A few years ago I sat in an auditorium with several hundred other men as we listened intently to George Durrant motivate us to be better fathers. I’ll always remember what happened when we were asked if there were any questions.
A middle-aged working class man with muscles and a mustache gathered courage to speak and then stood up and emotionally asked, “What you say sounds great in the ideal world. But what do you expect me to do when I have nine kids and a wife to feed and I have to work 14 hours a day at two jobs just to keep body and soul together?”
He went on to list many additional reasons why his job situation made it so he just didn’t have the time nor energy to be the unhurried, sensitive and playful Dad being described to the group. He glared at Dr. Durrant as he concluded with the terse question, “So, what do you expect me to do?”
Dr. Durrant took a deep breath, paused, and then with emotion in his voice replied simply, “I would think that your wife and children would expect you to do your best. My friend, just do your best.”
As a work and family researcher I’ve taken the opportunity to ask many men and women, in less than ideal circumstances, how they “do their best” to harmonize the demands of the workplace with the needs of their home. Here is a smattering of what I’ve learned from a few of them.
One man’s livelihood required him to accept an assignment where he would be out of town frequently. He did his best by purchasing a speaker phone for his home. Every night and morning he literally calls his household to family prayer. They feel closer as a family by maintaining this tradition, even if they are kneeling together, 2500 miles apart.
A mother was concerned that her young teenagers were home after school without anyone to monitor their activities between 3:30 p.m. and 5:30 p.m. each day. She did her best by taking advantage of her employer’s telecommuting program. She would work in the office until 3:00 p.m. and then finish out the day working on her laptop at home. By working at home she could monitor her adolescents’ activities.
Another father is a nationally recognized motivational speaker who gave more than 200 speeches around the world last year. He does his best by transacting all of his business on his laptop while on the plane. That way when he’s at home he can focus exclusively on his family. He has also installed video conferencing capability on his laptop. He talks face-to-face to each of his children and his wife at least twice each day. In addition he has millions of frequent flyer miles so takes his wife and children with him to exciting places several weeks each year.
A female manager colleague is a rising star in a major corporation. She wants to be a real mother to her two children. She did her best by approaching her management and requested a part-time work schedule. The request was granted and she now manages with great focus and urgency from 9:00 a.m. to 2:00 p.m. each day and then goes home to spend the rest of the afternoon and evening being a mother to her children and a wife to her husband.

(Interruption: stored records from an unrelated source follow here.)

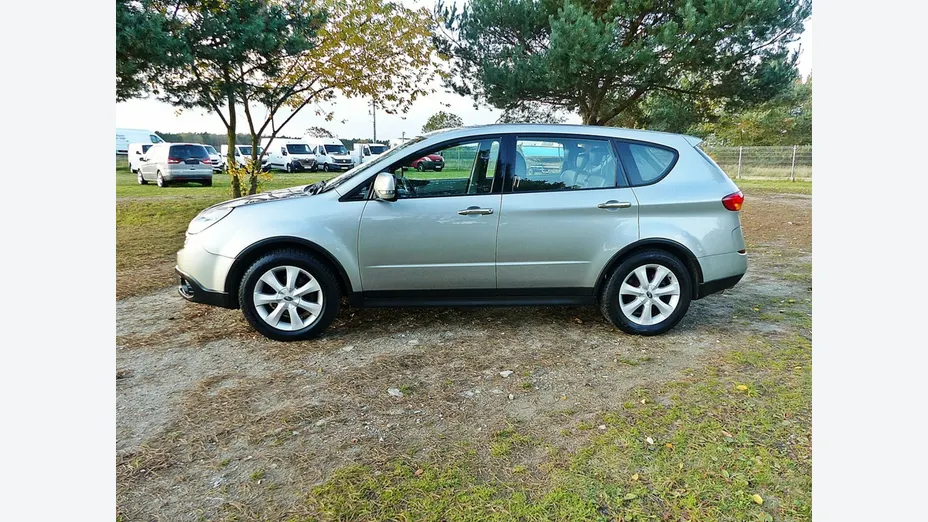 SUBARU B9 Tribeca -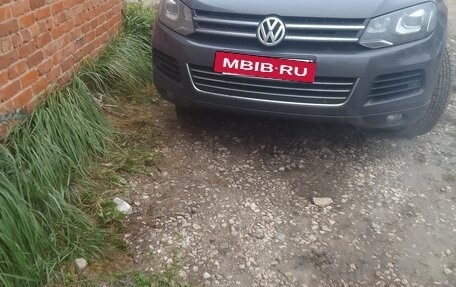 Volkswagen Touareg III, 2012 год, 1 495 000 рублей, 2 фотография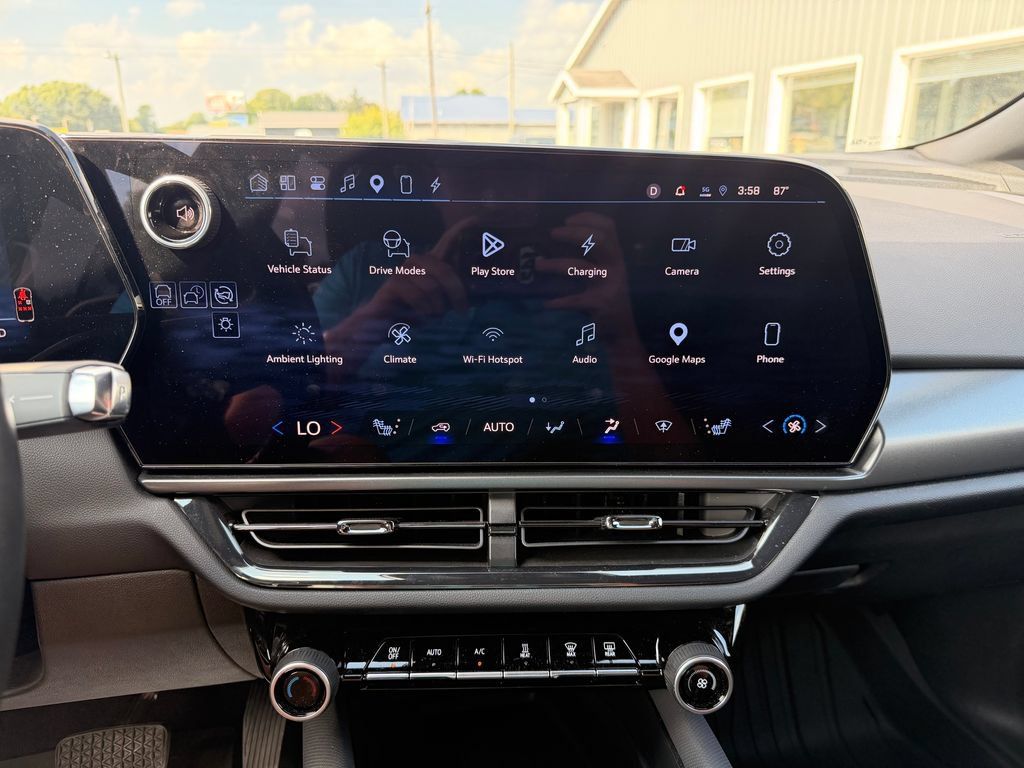 Used 2024 Chevrolet Equinox EV RS AWD/4WD image 33
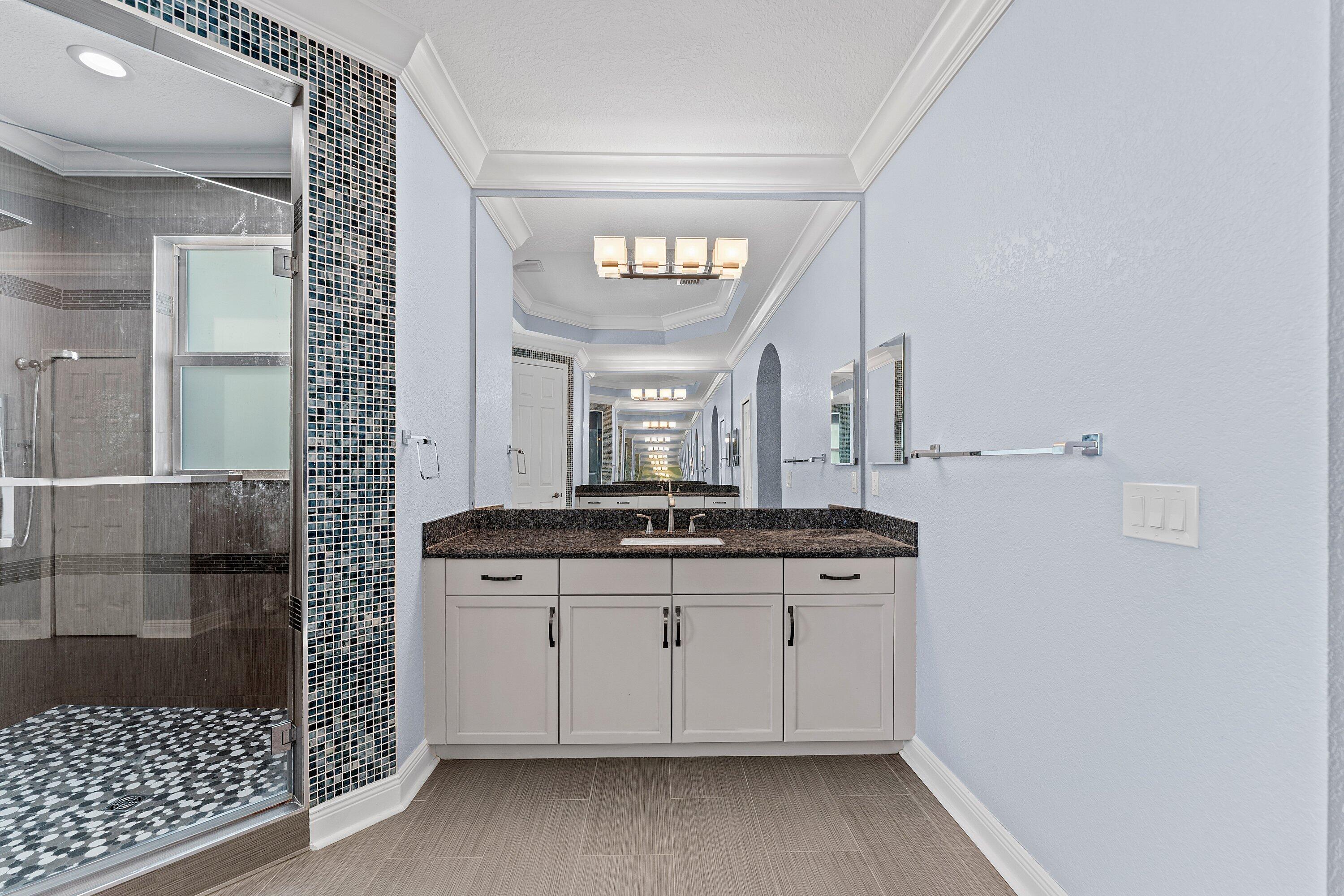 9173 Oak Alley Drive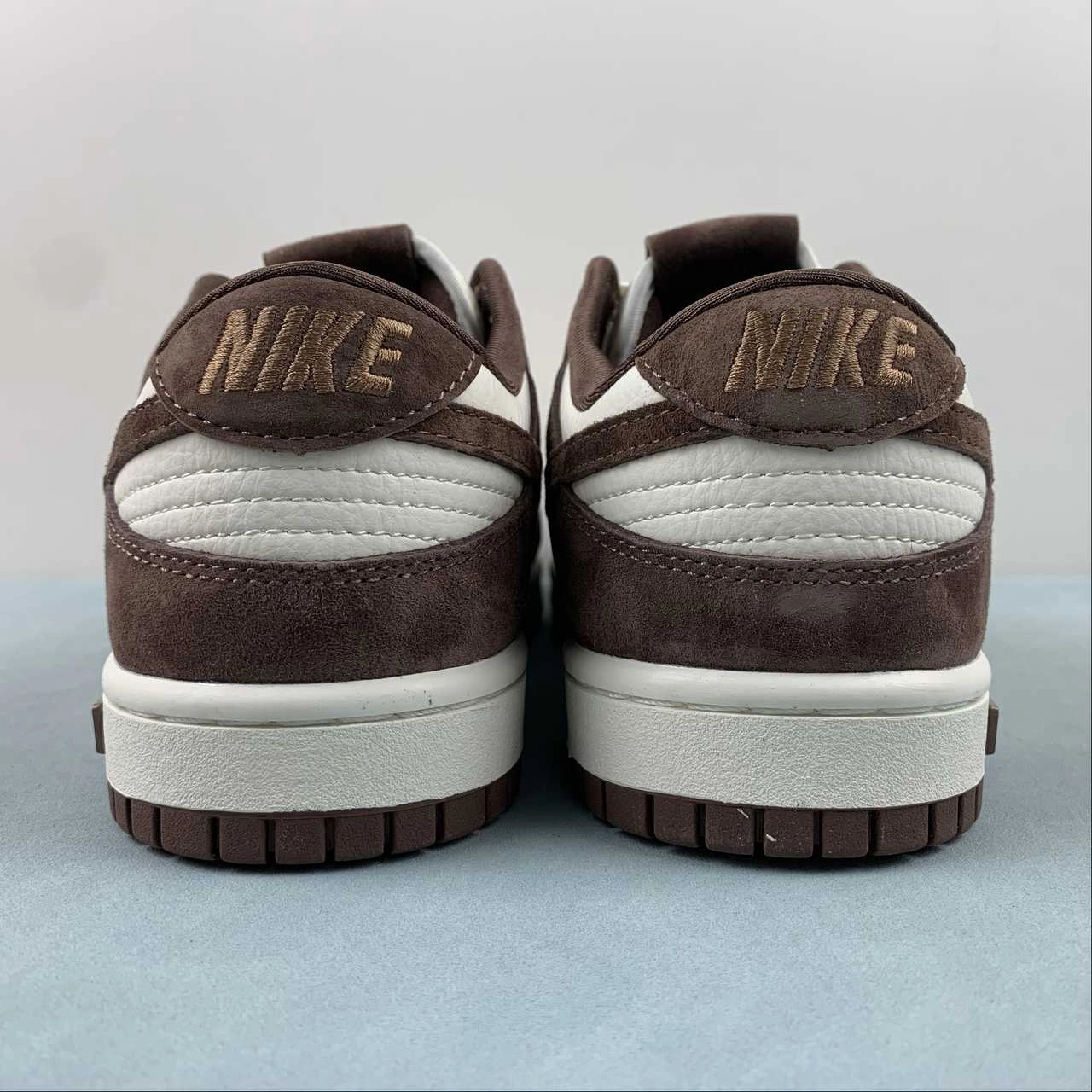 Versatile Design NonSlip LV x SB Dunk Low Chocolate Off White FC1688-149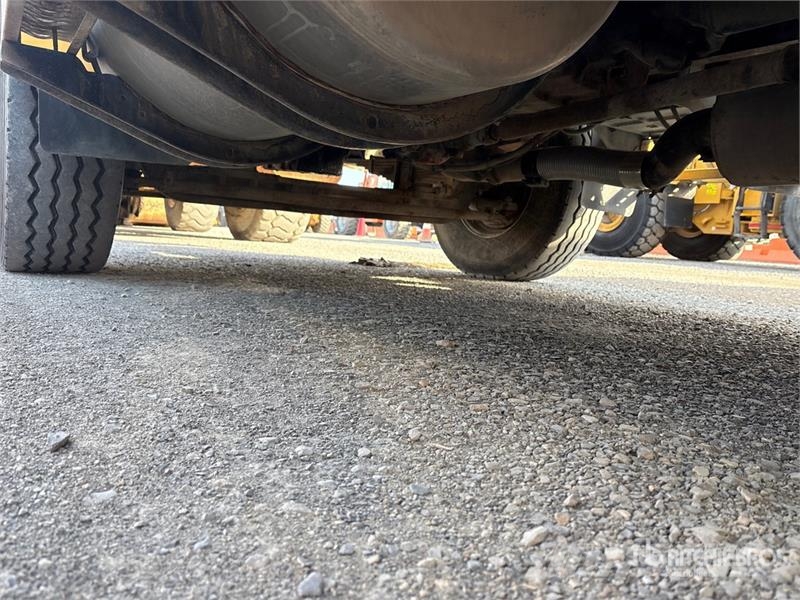 Sterling L9500 6x4 Fuel and Lube Truck Kamioni cisterne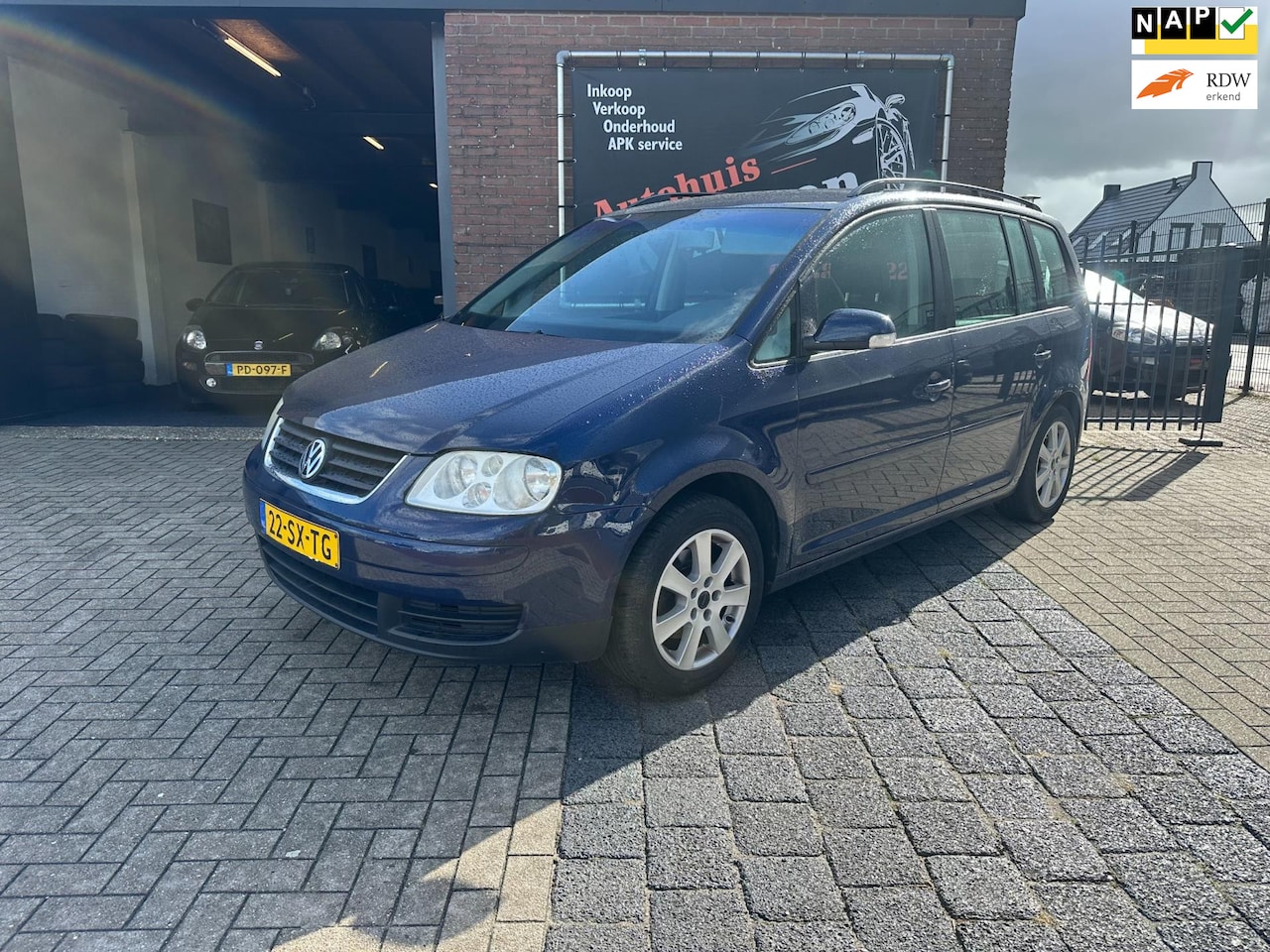 Volkswagen Touran - 1.6-16V FSI Trendline 7 Persoons - AutoWereld.nl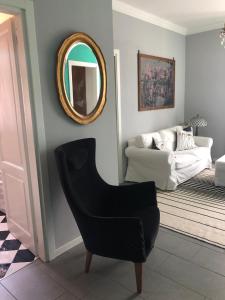 - un salon avec une chaise noire et un miroir dans l'établissement Sparkling Art Como, à Côme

An executive who works long hours does his best by prominently displaying a portrait of his wife and seven children in his office. When he meets with a client his small talk often revolves around family members. He uses family metaphors to motivate his sales force. He says it keeps his own family fresh in his mind. When he unexpectedly has an extra moment, he calls home to chat with his wife and express his love.
A professor colleague of mine does his best by bringing his four-year old son to work with him on occasion. I can hear in the next office the exciting chattering of a young boy enthralled by being with his Dad in this place. This professor enlists his son’s support to do important work, like sorting the trash paper into the regular and recycle trash baskets. It is heart-warming to see this giant of a man being followed around everywhere by this charming little kid with thick glasses.
Many business travelers are allowed to save frequent flyer miles and use them to bring their spouse and or children on business trips. A friend did his best by turning a boring business trip to Armonk, New York into an exciting second honeymoon for him and his wife. They saw Broadway plays, ate at delectable restaurants, and renewed the excitement in their marriage.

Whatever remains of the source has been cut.